Blue cheese: Smelly, smellier, blue mould: if you have a sensitive nose, eating gorgonzola and the like could be a real torment. But this cheese, strange-looking as it is, is a real chameleon. Whether it’s on steak, together with pasta and cream or as a salty topping for salads – when used in moderation, this little sourpuss creates a tangy taste sensation.

Aubergines: It’s not easy for this dark purple vegetable to please the gourmand. Either too soft and greasy or too raw and bitter – the aubergine is pretty tasteless in and of itself and needs a talented cook to really let it shine. Baked with a parmesan topping or wonderfully creamy in that Greek favourite, the moussaka, this relative of the courgette can win over even the most ardent hater of veg.

Okra: These green seed pods are used above all in Creole cuisine. In Germany, it is a vegetable that is either unknown or frequently spurned because of its slightly sticky, slimy consistency. But if you simply toss okra briefly in olive oil, rather than cooking it, the end result is fresh and crunchy. A little garlic and voila: a hefty portion of vitamins A and C could hardly be more delicious.

Sardines: Oily and fishy – not exactly the ideal characteristics for a gourmet snack. But if you can overcome your distaste, you will be rewarded with a massive portion of omega 3 fatty acids and proteins.

Lima beans: Their colour might remind you of washed out kitchen curtains from the 1970s, but the great beauty of the rarely seen lima bean comes from within. In particular, their high fibre and low fat contents make these sad-looking little beans the perfect fitness food. And if you need some Dutch courage to get started: sautéed and lightly salted, lima beans make a tasty accompaniment to a beer.

Brussels sprouts: A misery for the nose both before and after they’ve been eaten: whilst the kitchen is still emitting the distinct smell of cabbage, those who have partaken in the Brussels sprouts turn into little stinkers themselves.
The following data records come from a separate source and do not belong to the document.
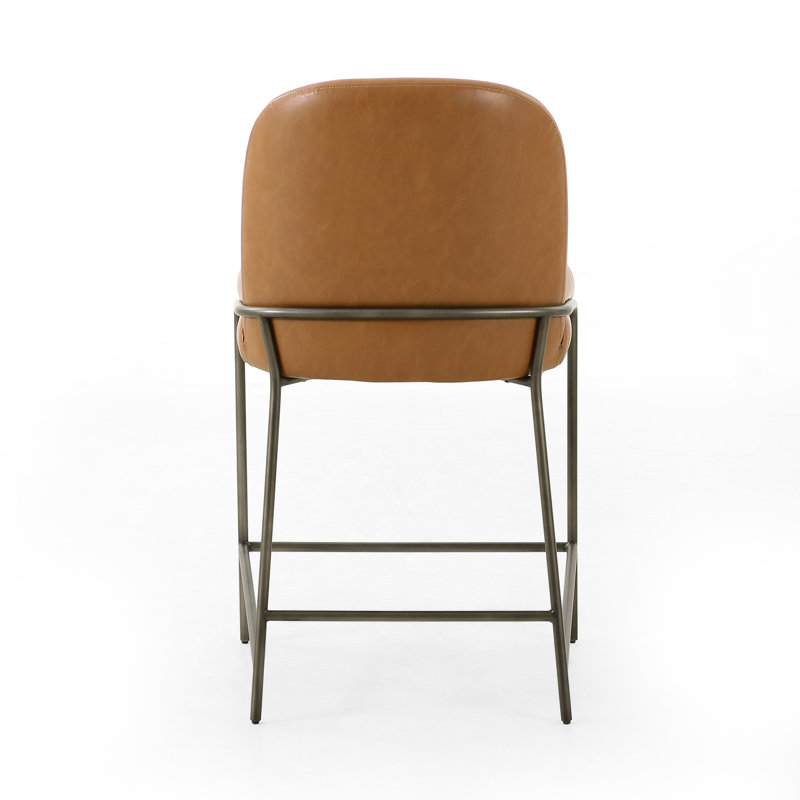 Astrud 25" Counter Stool, Faux Leather  Sierra Butterscotch, Bar Stool (30.5" Seat Height)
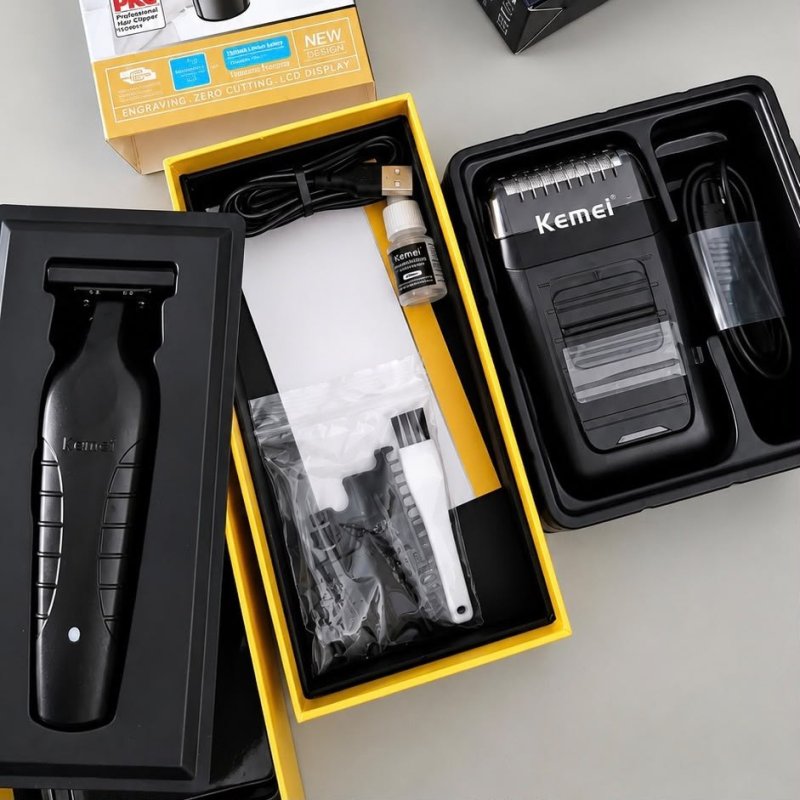 Kit Kemei Máquina de Corte KM-2299 e Acabamento KM-1102 Bivolt + Frete Grátis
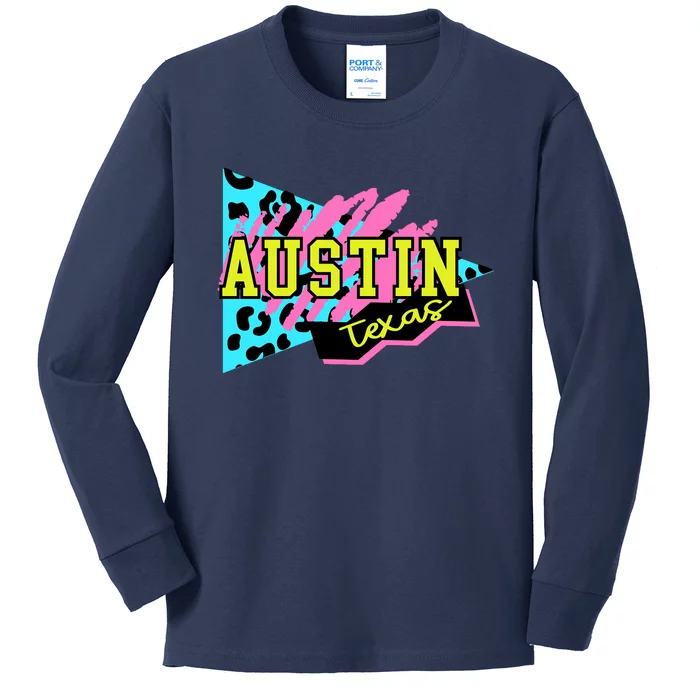 Austin Texas Retro 90s Kids Long Sleeve Shirt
But sprouts not only increase gas production, the green buds are also full of goodness: beta carotene, folic acid, potassium, calcium, fibre and much more are a real boon to the immune system. A dash of lemon and a little bacon make this member of the cabbage family well rounded in terms of taste too!

Hard boiled eggs: Waxy on the outside, floury on the inside: beyond the breakfast table, it would be hard to find any fans of these little packs of protein. But hard boiled eggs are pretty much indispensible in Indonesian cuisine in particular. Together with potatoes and coconut milk, these long-lasting bundles of nutrients give off a fantastically sweet aroma.

Beetroot: Vitamin B, potassium, iron and, above all, folic acid: these roots have got the lot. If you are one of those people given pickled beetroot as a child and promptly put off for life, you should give this beet a second chance. A light vinaigrette lends the slightly earthy taste an almost nutty flavour.